Directions for this task: Could you copy every entry exactly, dropping the pictures?

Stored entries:
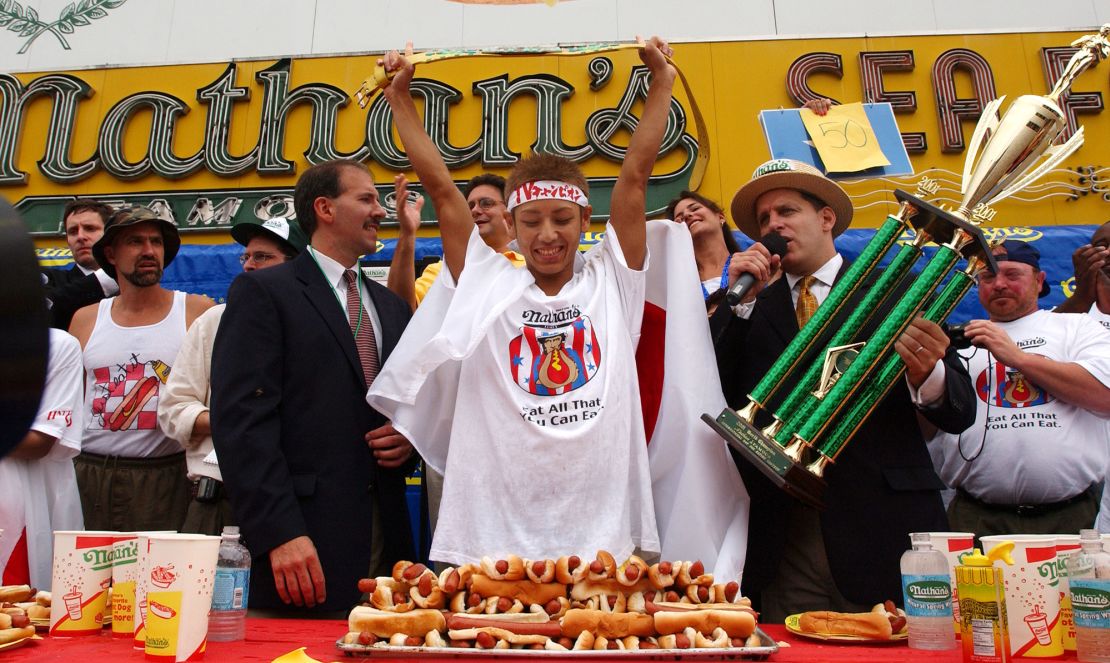 Twenty-three year-old Takeru Kobayashi of Japan raises his hands in victory July 4, 2001 at the 86th annual Nathan's Famous International 4th of July Hot Dog Eating Contest at Coney Island in Brooklyn, NY. Kobayashi, who was the odds on favorite, broke the world record of 25 and 1/8 set by fellow countryman Kazutoyo Arai by eating 50 hot dogs in 12 minutes.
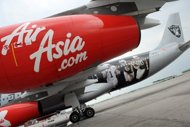 Low cost carrier AirAsia Tuesday said its second-quarter net profit surged more than 10 times from a year earlier due to a one-time gain with the listing of Asia Aviation PCL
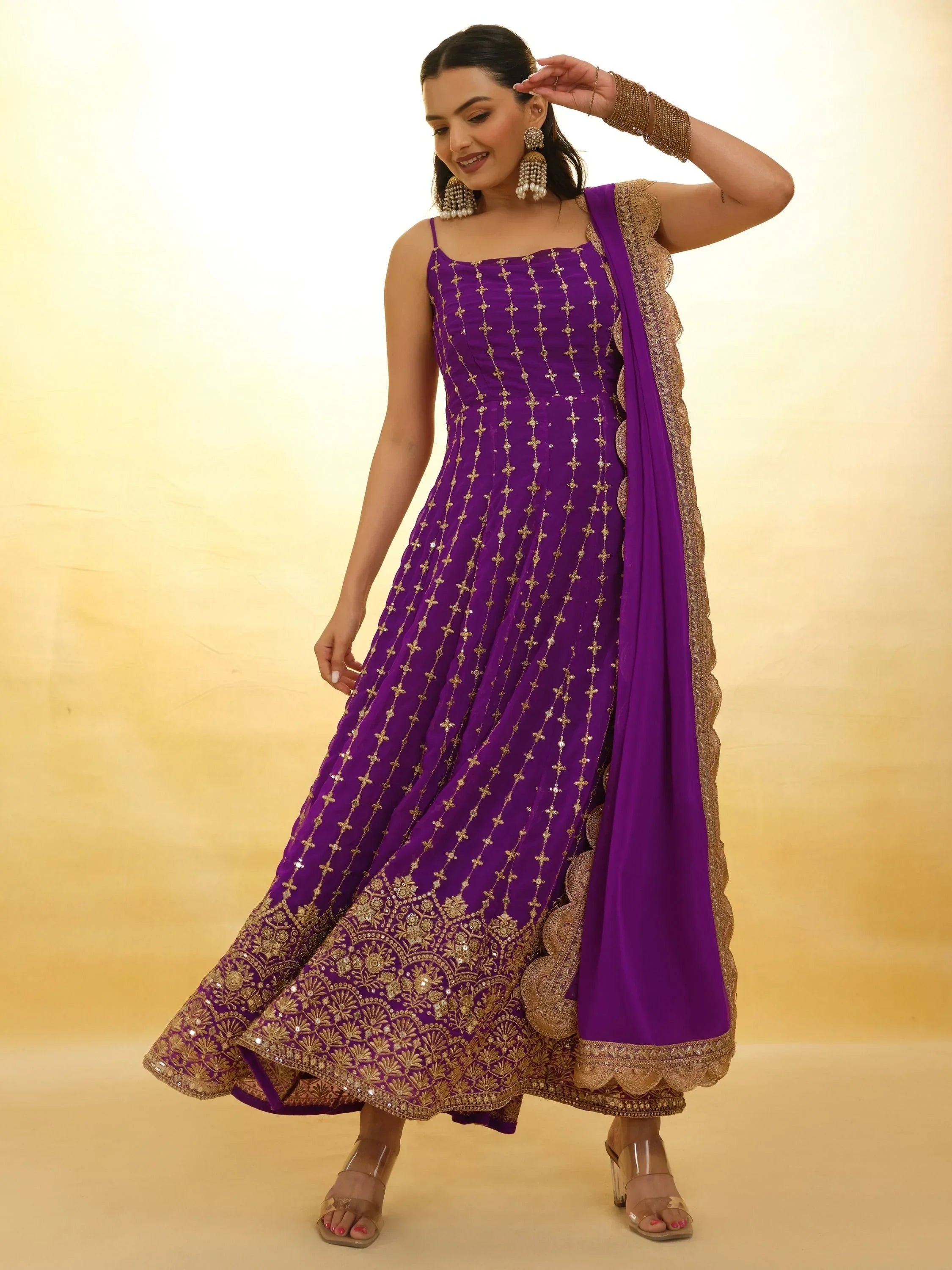 Woman wearing a purple embroidered Anarkali gown with gold detailing and matching dupatta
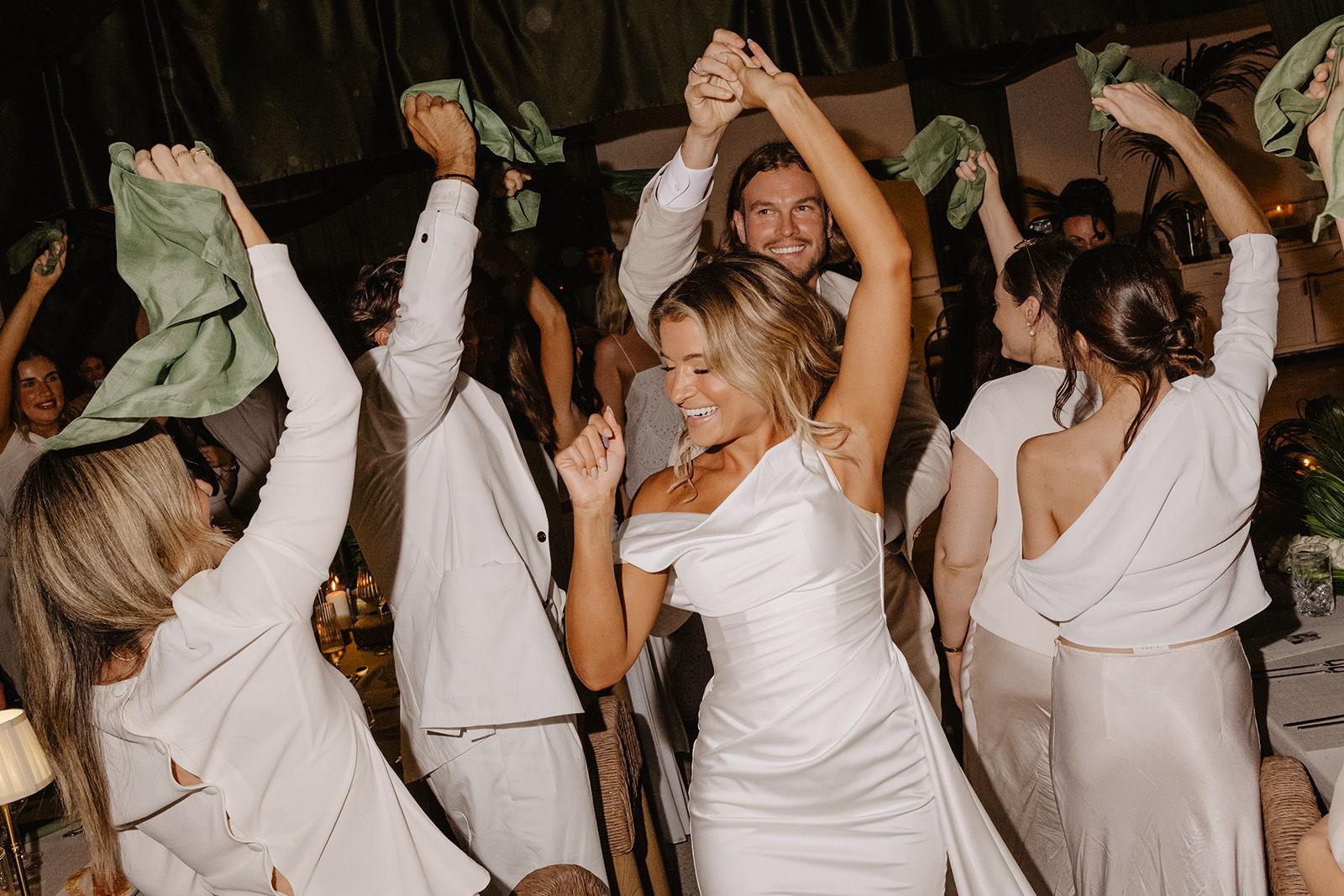 People dancing at a celebration, wearing elegant outfits and holding colorful scarves.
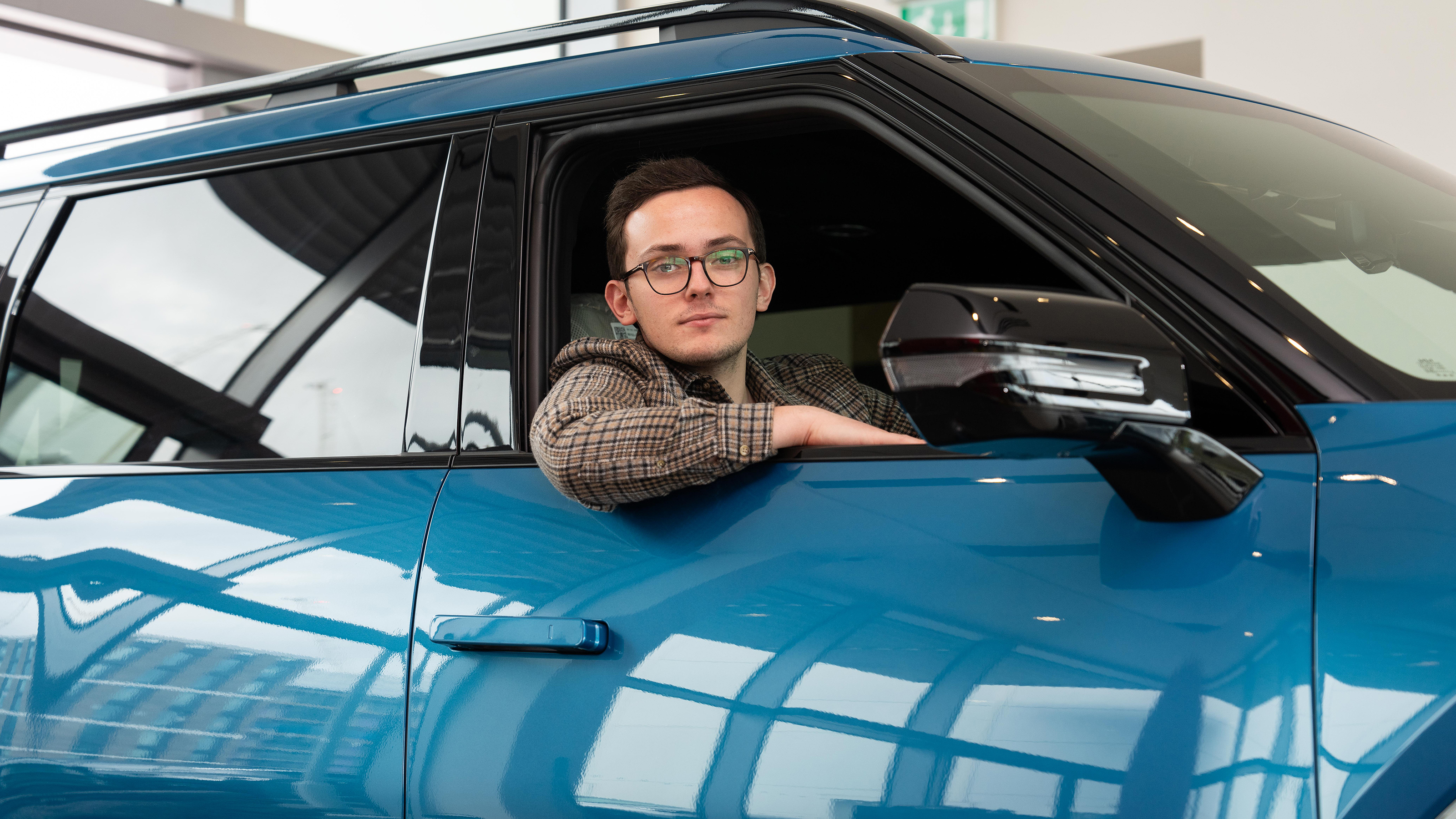 Tom Jervis driving a KIA EV9
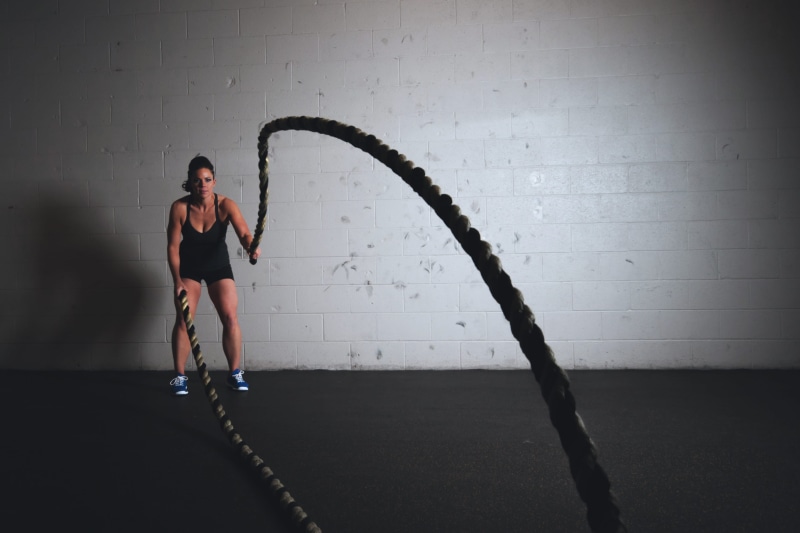 looking at camera, adult, clothing, indoors, fitness, woman, portrait, ropes, real people, sport, women, holding, person, lifestyles, 2K, crossfit, beautiful woman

Output below:
 Twenty-three year-old Takeru Kobayashi of Japan raises his hands in victory July 4, 2001 at the 86th annual Nathan's Famous International 4th of July Hot Dog Eating Contest at Coney Island in Brooklyn, NY. Kobayashi, who was the odds on favorite, broke the world record of 25 and 1/8 set by fellow countryman Kazutoyo Arai by eating 50 hot dogs in 12 minutes.
 Low cost carrier AirAsia Tuesday said its second-quarter net profit surged more than 10 times from a year earlier due to a one-time gain with the listing of Asia Aviation PCL
 Woman wearing a purple embroidered Anarkali gown with gold detailing and matching dupatta
 People dancing at a celebration, wearing elegant outfits and holding colorful scarves.
 Tom Jervis driving a KIA EV9
 looking at camera, adult, clothing, indoors, fitness, woman, portrait, ropes, real people, sport, women, holding, person, lifestyles, 2K, crossfit, beautiful woman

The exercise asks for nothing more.